Believe it or not, I'm actually a bit conflicted over the result of the Supreme Court case regarding a crisis pregnancy center in California and the messages about abortion availability they were required to post.
I think the best way to put it is that I can easily understand how requiring someone to provide information about a service that wasn't even requested in the first place falls outside the scope of one's professional responsibility. If your entire practice is built around addressing a given problem in a specific way, and that's made clear to your customers at the outset, then requiring any more information about methods you don't provide may be a bit much.
... Of course, several caveats apply. Most CPCs, for example, would never dream of actually warning people that they will not provide any support or advice regarding abortion. Some of them will go so far as to actively lie about the risks of an abortion. If the people approaching you are looking to discuss all of their options when they're pregnant, either is almost certainly malpractice, and I have no problem with the state withholding licenses from organizations that operate that way.

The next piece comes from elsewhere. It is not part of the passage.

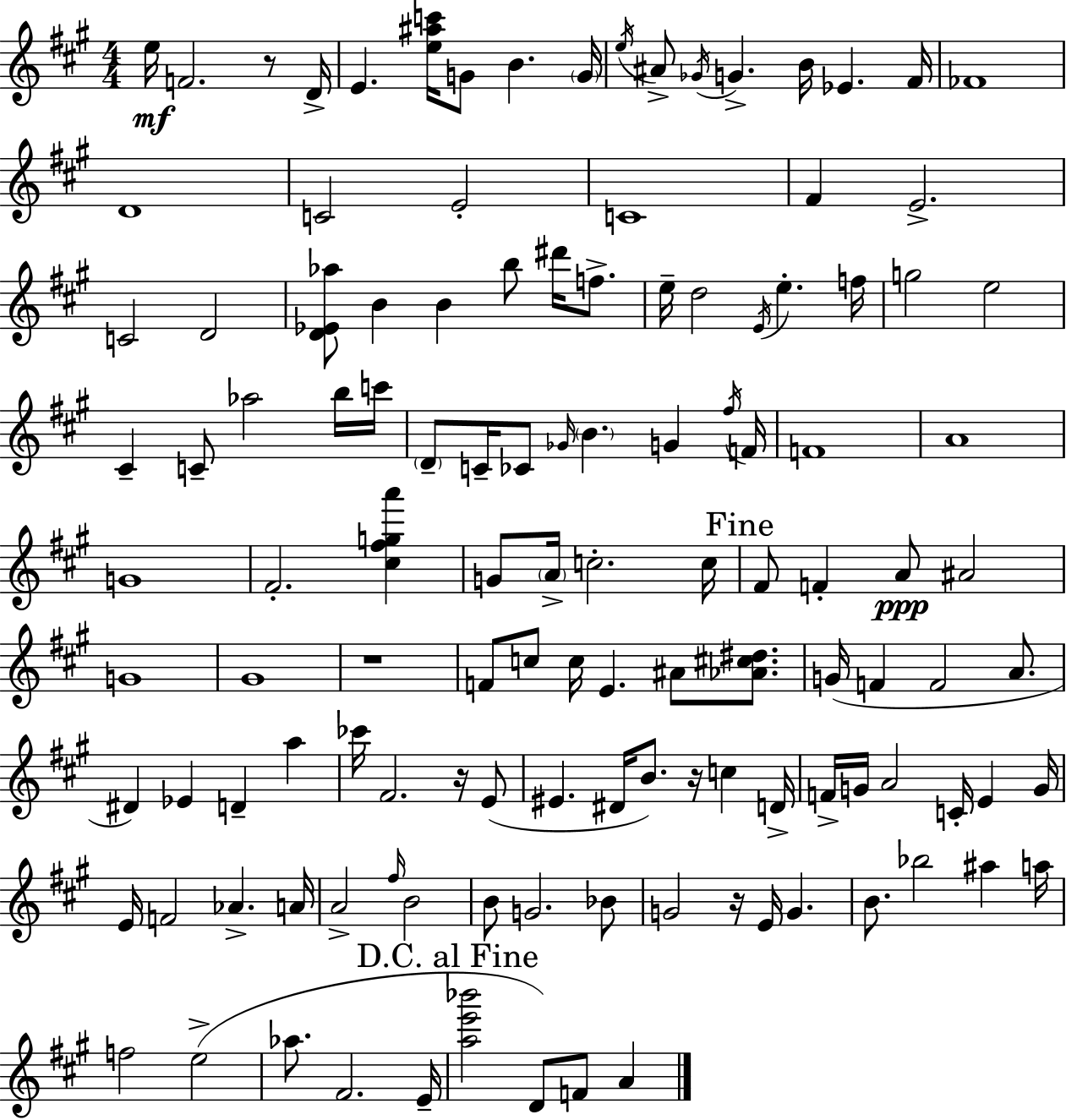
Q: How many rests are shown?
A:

So in the end, while I don't think I'd have gone as far as the California law that was struck down did, I'm irritated that the likely result is going to be these centers lying with more impunity, whether by omission or outright.

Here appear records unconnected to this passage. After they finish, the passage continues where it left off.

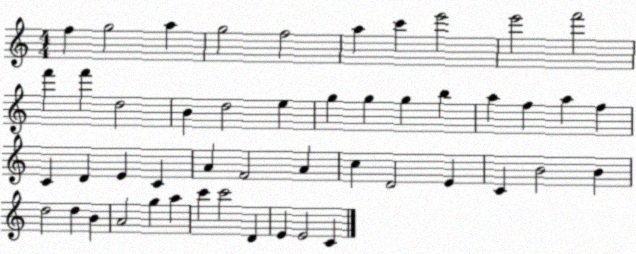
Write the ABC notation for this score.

X:1
T:Untitled
M:4/4
L:1/4
K:C
f g2 a g2 f2 a c' e'2 e'2 f'2 f' f' d2 B d2 e g g g b a f a f C D E C A F2 A c D2 E C B2 B d2 d B A2 g a c' c'2 D E E2 C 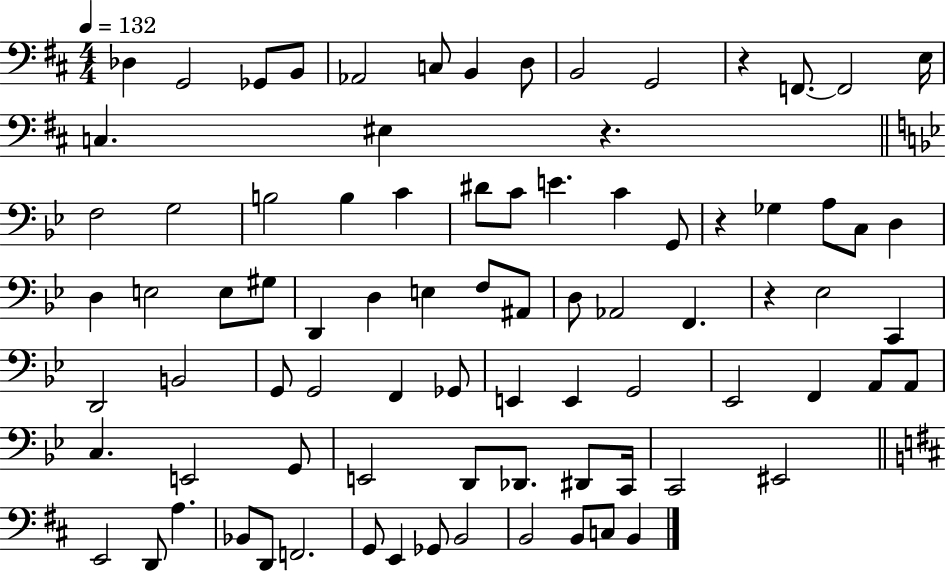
Db3/q G2/h Gb2/e B2/e Ab2/h C3/e B2/q D3/e B2/h G2/h R/q F2/e. F2/h E3/s C3/q. EIS3/q R/q. F3/h G3/h B3/h B3/q C4/q D#4/e C4/e E4/q. C4/q G2/e R/q Gb3/q A3/e C3/e D3/q D3/q E3/h E3/e G#3/e D2/q D3/q E3/q F3/e A#2/e D3/e Ab2/h F2/q. R/q Eb3/h C2/q D2/h B2/h G2/e G2/h F2/q Gb2/e E2/q E2/q G2/h Eb2/h F2/q A2/e A2/e C3/q. E2/h G2/e E2/h D2/e Db2/e. D#2/e C2/s C2/h EIS2/h E2/h D2/e A3/q. Bb2/e D2/e F2/h. G2/e E2/q Gb2/e B2/h B2/h B2/e C3/e B2/q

At least I can console myself with the fact that my side now gets to ask pointed questions about compelling speech designed to limit or discourage abortions. It's less useful for us; I do want to make sure that women are aware of all their options and wouldn't want to not give them a full picture of what carrying to term and either giving up the child for adoption or keeping them would entail. Still, I imagine it'd be a lot easier on some people if it could be omitted or reduced when it clearly made sense to do so.